Anal Chem. 2023 Sep 12;95(36):13446-13455. doi: 10.1021/acs.analchem.3c01132. Epub 2023 Aug 28.

Abstract

Spectral analysis is an important method for characterizing and identifying chemical species. However, quantitative spectral analysis of multiple chemical properties in the real world has always been a challenging problem due to the strong correlation, massive noise, and serious information overlapping of the spectral features. Here, we present a new semi-supervised spectral calibration method based on information lossless decoupling of spectral features named NICEM. To realize the separation and extraction of key latent features, the method uses the flow-based model non-linear independent component estimation (NICE) to learn the sample distribution. The spectral data information is transformed into independent latent variables obeying Gaussian distribution by the reversible structure of deep network without information loss, so as to find the essential properties and realize the feature nonlinear decomposition. Moreover, the association between the input latent feature variables and attributes is evaluated by the maximum mutual information coefficient to eliminate the adverse effects of irrelevant information in the latent variable space and mine key information.

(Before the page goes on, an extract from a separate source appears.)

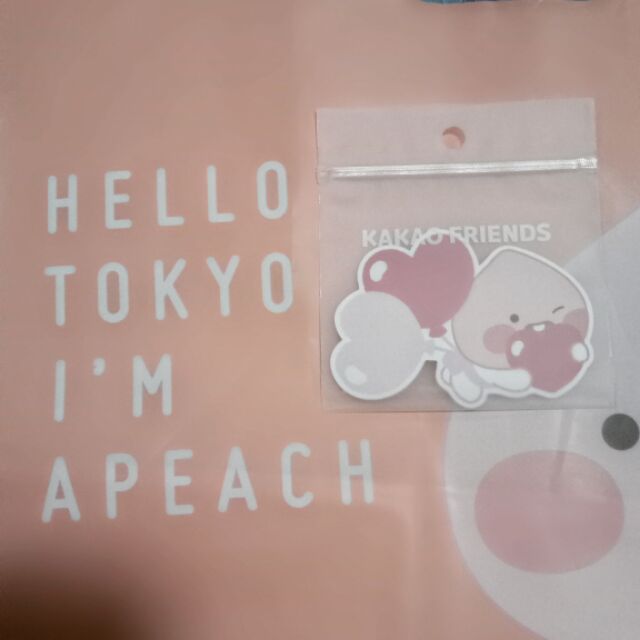 Clearance Sale New Kakao Friends Apeach Sticker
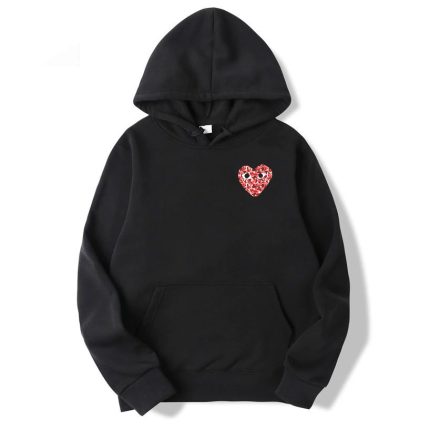 CDG Hoodie Where Premium Comfort Meets Iconic Streetwear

Since the latent variables are independent in each dimension, the NICEM method is easier to establish an accurate semi-supervised multi-component calibration model even for high overlapping and complex spectral data. The applicability of the proposed spectral modeling method is demonstrated by using three ultraviolet-visible and near-infrared spectral data sets with 15 physical and chemical properties including diesel fuels, corn, and multi-metal ions solution. Results show that the proposed NICEM method has the highest determination coefficient (R2) and significantly improves extrapolation compared with the seven state-of-the-art methods. The proposed method is intuitive because it obviates complex feature engineering and prior knowledge and is a promising spectral calibration tool for quantitative analysis in other spectroscopy applications.